Just like you trust Zelazny to keep control of Corwin.

You trust the narrative not to be pwned by the narrator.

Because, you know, if my books were being WRITTEN by Felix Harrowgate, rather than being NARRATED by Felix Harrowgate ... we would have very different books.
28th-Sep-2006 02:36 pm (UTC) - Re: "What the HECK did you think it was made with?!"
Because, you know, if my books were being WRITTEN by Felix Harrowgate, rather than being NARRATED by Felix Harrowgate ... we would have very different books.

Ah, yes. Yes. That, exactly.

Because you have that little bastard on a curb bit, and you have the spurs.
(Deleted comment)
28th-Sep-2006 01:50 pm (UTC) - How the heck did I get this far into a discussion--
of genderfuck as stagecraft and not even mention Annie Lennox?

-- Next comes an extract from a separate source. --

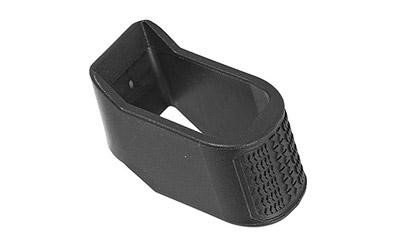 RUG MAG ADAPTER AMER-C PST 9MM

*pauses for to stare at herself in befuddlement*

*pauses for a moment of Annie Lennox appreciation*

*pauses to watch some concert videos*

Right. Back now.

This performance?

http://www.youtube.com/watch?v=TUQcGX7Jd80&eurl=

Gorgeous, yeah.

The thing you're talking about--WRT "Let's Dance"--reminds me of the Johnny Cash performance of "Hurt."

Which he pwns.

Well, if any asshole is entitled to sing that song, it's Cash. He had the t-shirt.

It can come off as a bit wangsty in other hands.
28th-Sep-2006 01:51 pm (UTC) - Re: I've been keeping this icon ready for AGES! And I get to USE IT!
Rehersal for the same performance.

http://www.youtube.com/watch?v=0VLS-P9m0BM

...I'm *stealing* that joke.
(Deleted comment)
29th-Sep-2006 01:34 am (UTC) - Luck walked in and you looked in time.
I dunno. Picture quality is bad, but I may have caught a shine off his cheek for a second. Hard to tell.

Yeah. Self-revelation can in fact be self-indulgence.

Or wangst.

The thing I love about Bowie is the narrative layers. (Okay, one of the things.) The songs have a surface, and then there are stories and stories underneath. "Golden Years" might be a simple promise from an older and wiser businessman to protect a young rising star.

Or it might be an incredibly manipulative and exploitative bastard running a young woman's life and isolating her from her friends.

doing all right, but you gotta get smart...

Also, anybody who comes up with line like "all the little beautiful champion boys dripping on the end of a gun" can write words around me any day.